● **Task details**: Pictures are to be dropped. Everything else in the listing gets copied exactly.

● **Provided data**:

• • • • •

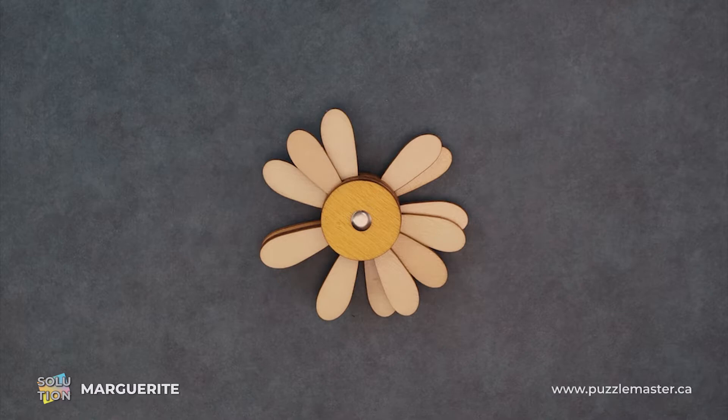Hey, it's Aaron. Today we'll be going through the solution for Marguerite. This puzzle is a level eight on the Puzzle Master difficulty scale. This puzzle and many others are available at puzzlemaster.ca.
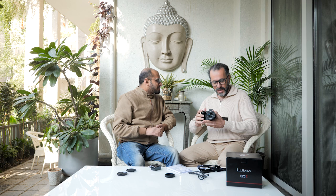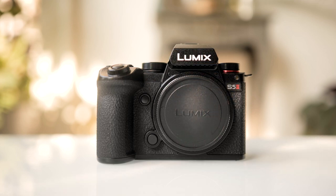Thank you Hitesh, thank you Panasonic for this lovely piece, this beauty, this machine. I can't wait to get my hands moving on to this camera, seeing all the features, using them, and be able to give you a review of this camera at the earliest. Keep watching this space to see more. Thank you.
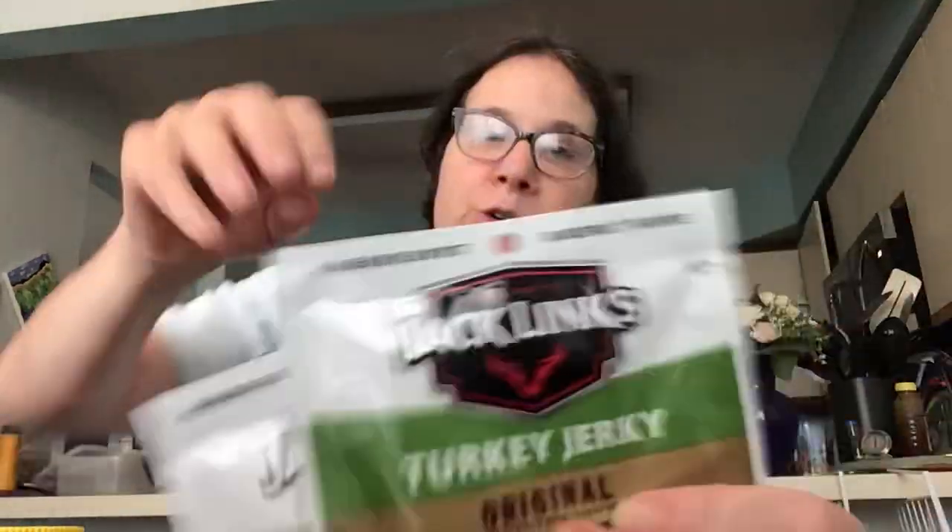I want to show you the few things I got at the Dollar Tree in case of a hurricane, earthquake, or anything where the power goes out. These are all foods that you can eat without cooking, or you can cook with them.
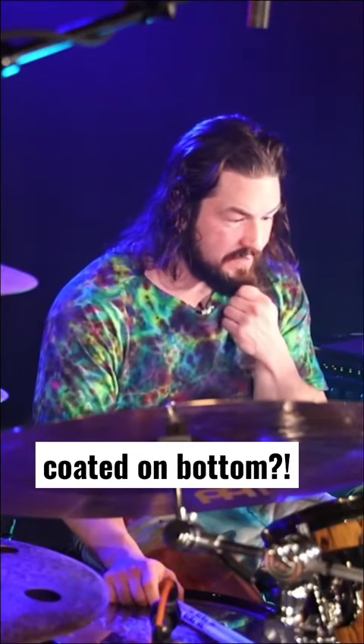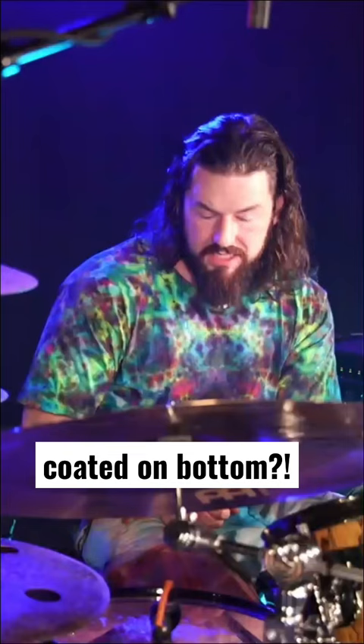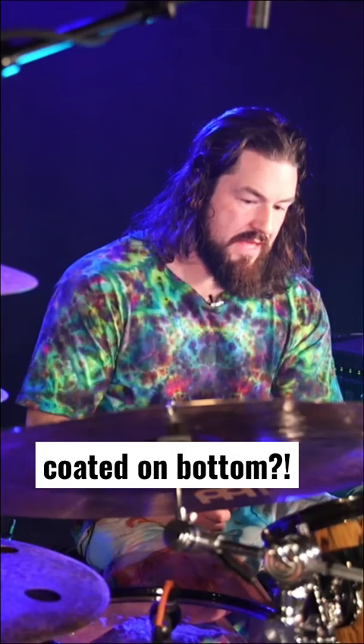I've got some different head things going on with the toms. Usually cats have clear heads on the bottom and either clear or coated on top, but I'm doing coated on the bottom. Apparently that's like a Vinny thing. The reason for the coated ambassadors on the bottom is that that coating actually supplies some sort of dampening.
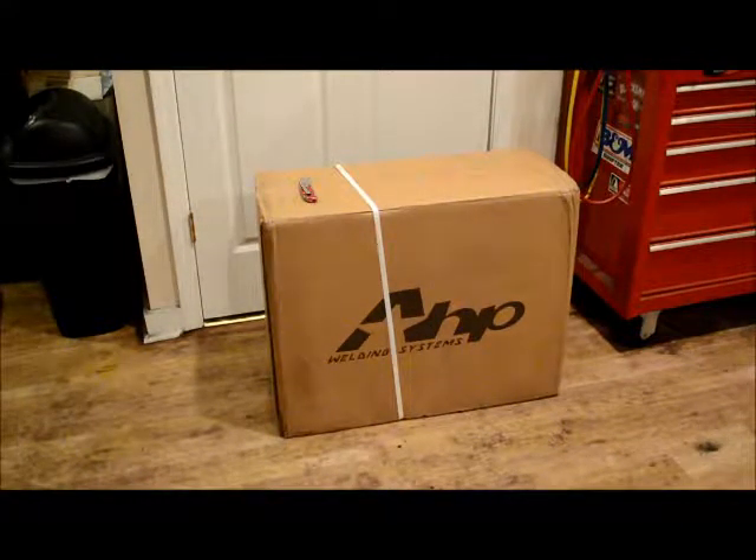As you can see here, I've got a little box that I got in the mail a couple days ago — I just haven't had a chance to open it, been out of town. I've been wanting to buy a TIG welder and I read a lot of reviews on how good these things were for the money. It's an AHP welder, the new version which I think came out this year, 2018. I'm going to open it up and do a little unboxing review of it.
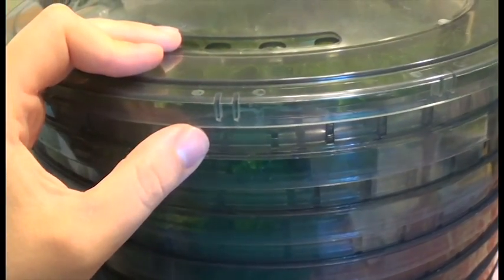The dehydrator is filled up to overflowing. The other half is in the fridge and I'll have to do those tomorrow because this takes a good six hours. I'll show you guys when they're finished and then I'll put the other batch in. Eventually I want to build an outdoor sun dehydrator, but for now we're using this one.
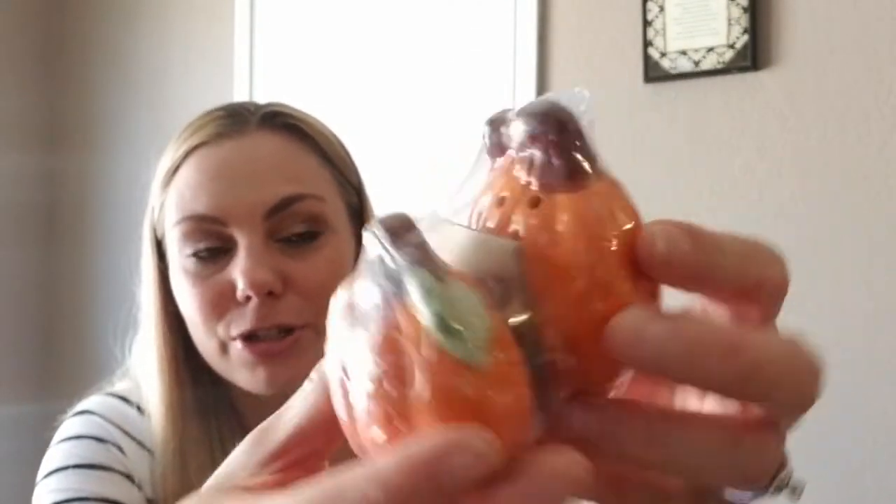I also found the cute little salt and pepper shakers — these are the pumpkin set. One does have three holes and then one has two. They also had the squirrels and the owls like they did last year. I'm not sure if I'm going to paint these or not — I'm leaning more towards painting them, but this is one of the things I was digging in the boxes for.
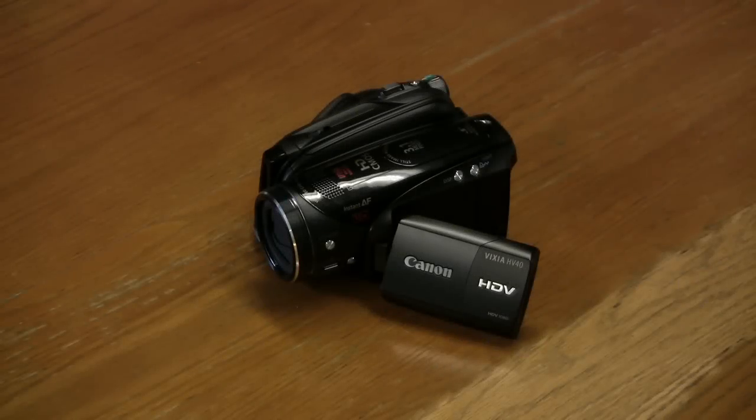This video will cover the basics of recording with the Canon Vixia cameras, also known as the HV20 or HV40. Other than some minor differences, these two models are virtually the same to operate.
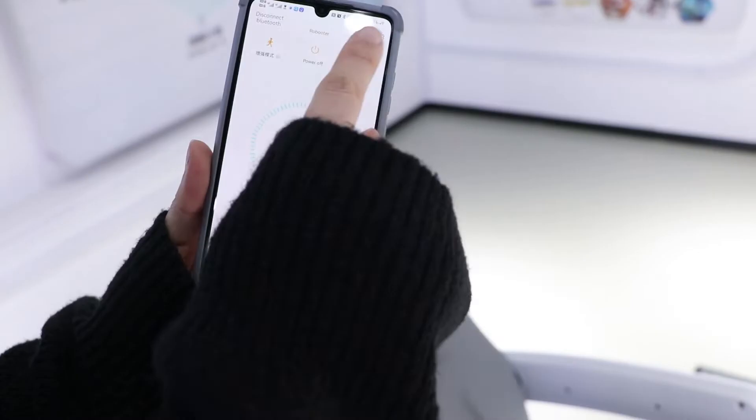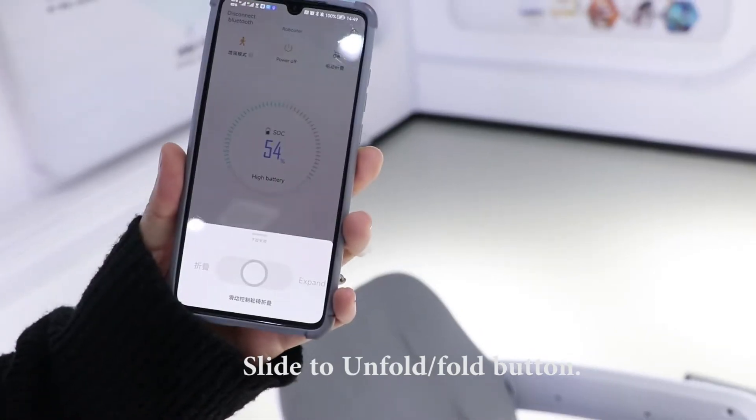In the middle, shows the remaining power. Slide to unfold, fold button.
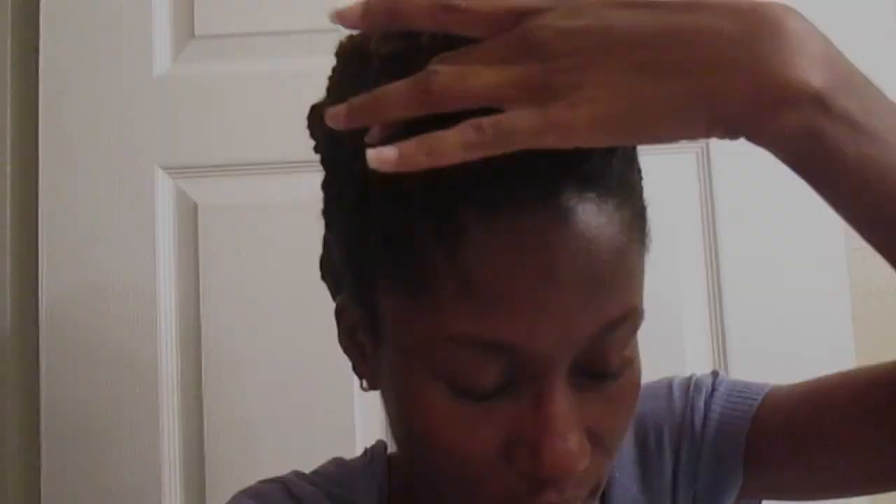I've redone this hairstyle three times to get it just like I like it, and I prefer it pin-free. At this point I have a few pins in the back — maybe three — and it's not bothering me at all. I undid the flat twist I had up front because my edges are really sensitive. Even though I didn't have it flat twisted tight, I was having some issues, so I undid the top left side.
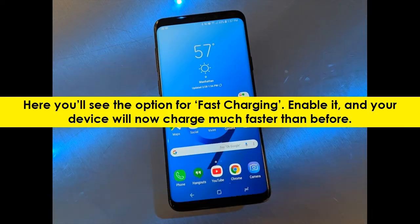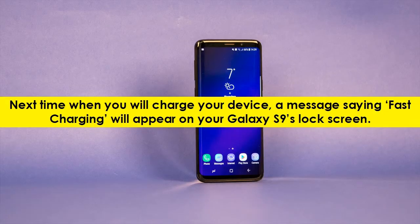Here you'll see the option for fast charging. Enable it, and your device will now charge much faster than before. Next time when you charge your device, a message saying fast charging will appear on your Galaxy S9's lock screen.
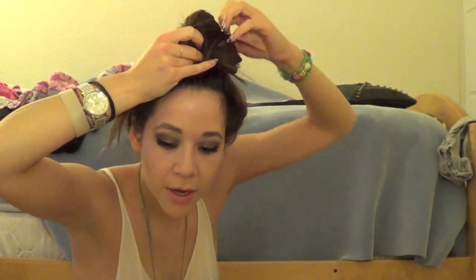Take your hair tie and wrap it to the ends of your hair, but you're not putting the hair all the way through the hair tie. Then you're going to twist the hair tie and go over it again, so you're just making a little bun up there.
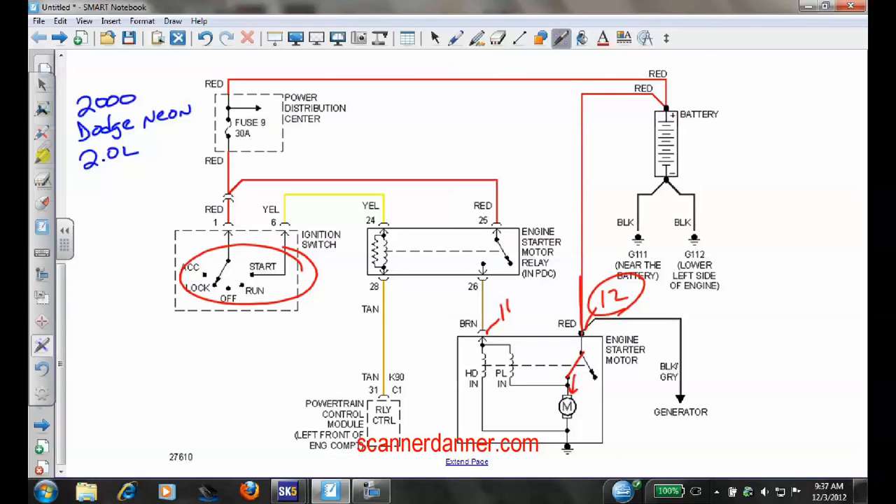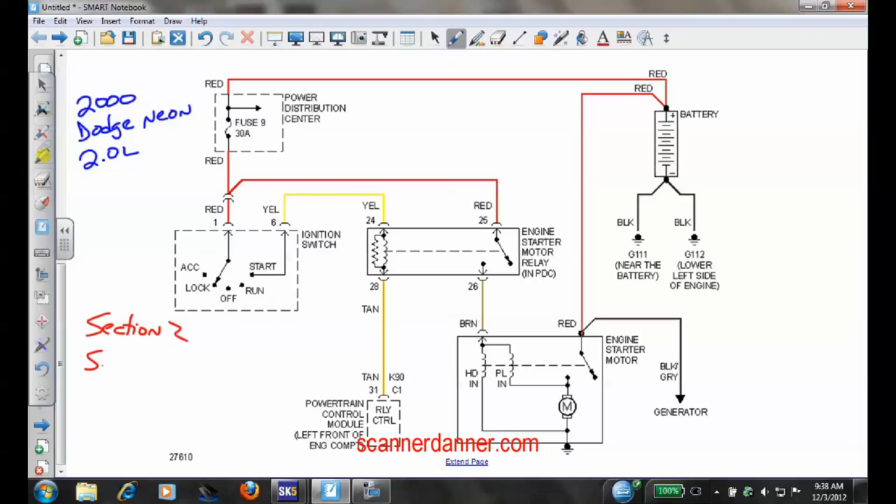Car doesn't crank — hold it in the crank position for all tests. That's the bottom line. That's a loaded circuit test, and that ensures we have no issues in the load side wire. Those are fundamental starting system checks. Now let's look at the relay and how it functions. This ties in very nicely to our class — we're covering section two, switch inputs, and section three, transistor drivers and output solenoids.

• • • • •

● **Task result**:
Hey, it's Aaron. Today we'll be going through the solution for Marguerite. This puzzle is a level eight on the Puzzle Master difficulty scale. This puzzle and many others are available at puzzlemaster.ca.
Thank you Hitesh, thank you Panasonic for this lovely piece, this beauty, this machine. I can't wait to get my hands moving on to this camera, seeing all the features, using them, and be able to give you a review of this camera at the earliest. Keep watching this space to see more. Thank you.
I want to show you the few things I got at the Dollar Tree in case of a hurricane, earthquake, or anything where the power goes out. These are all foods that you can eat without cooking, or you can cook with them.
I've got some different head things going on with the toms. Usually cats have clear heads on the bottom and either clear or coated on top, but I'm doing coated on the bottom. Apparently that's like a Vinny thing. The reason for the coated ambassadors on the bottom is that that coating actually supplies some sort of dampening.
As you can see here, I've got a little box that I got in the mail a couple days ago — I just haven't had a chance to open it, been out of town. I've been wanting to buy a TIG welder and I read a lot of reviews on how good these things were for the money. It's an AHP welder, the new version which I think came out this year, 2018. I'm going to open it up and do a little unboxing review of it.
The dehydrator is filled up to overflowing. The other half is in the fridge and I'll have to do those tomorrow because this takes a good six hours. I'll show you guys when they're finished and then I'll put the other batch in. Eventually I want to build an outdoor sun dehydrator, but for now we're using this one.
I also found the cute little salt and pepper shakers — these are the pumpkin set. One does have three holes and then one has two. They also had the squirrels and the owls like they did last year. I'm not sure if I'm going to paint these or not — I'm leaning more towards painting them, but this is one of the things I was digging in the boxes for.
This video will cover the basics of recording with the Canon Vixia cameras, also known as the HV20 or HV40. Other than some minor differences, these two models are virtually the same to operate.
In the middle, shows the remaining power. Slide to unfold, fold button.
I've redone this hairstyle three times to get it just like I like it, and I prefer it pin-free. At this point I have a few pins in the back — maybe three — and it's not bothering me at all. I undid the flat twist I had up front because my edges are really sensitive. Even though I didn't have it flat twisted tight, I was having some issues, so I undid the top left side.
Here you'll see the option for fast charging. Enable it, and your device will now charge much faster than before. Next time when you charge your device, a message saying fast charging will appear on your Galaxy S9's lock screen.
Take your hair tie and wrap it to the ends of your hair, but you're not putting the hair all the way through the hair tie. Then you're going to twist the hair tie and go over it again, so you're just making a little bun up there.
Car doesn't crank — hold it in the crank position for all tests. That's the bottom line. That's a loaded circuit test, and that ensures we have no issues in the load side wire. Those are fundamental starting system checks. Now let's look at the relay and how it functions. This ties in very nicely to our class — we're covering section two, switch inputs, and section three, transistor drivers and output solenoids.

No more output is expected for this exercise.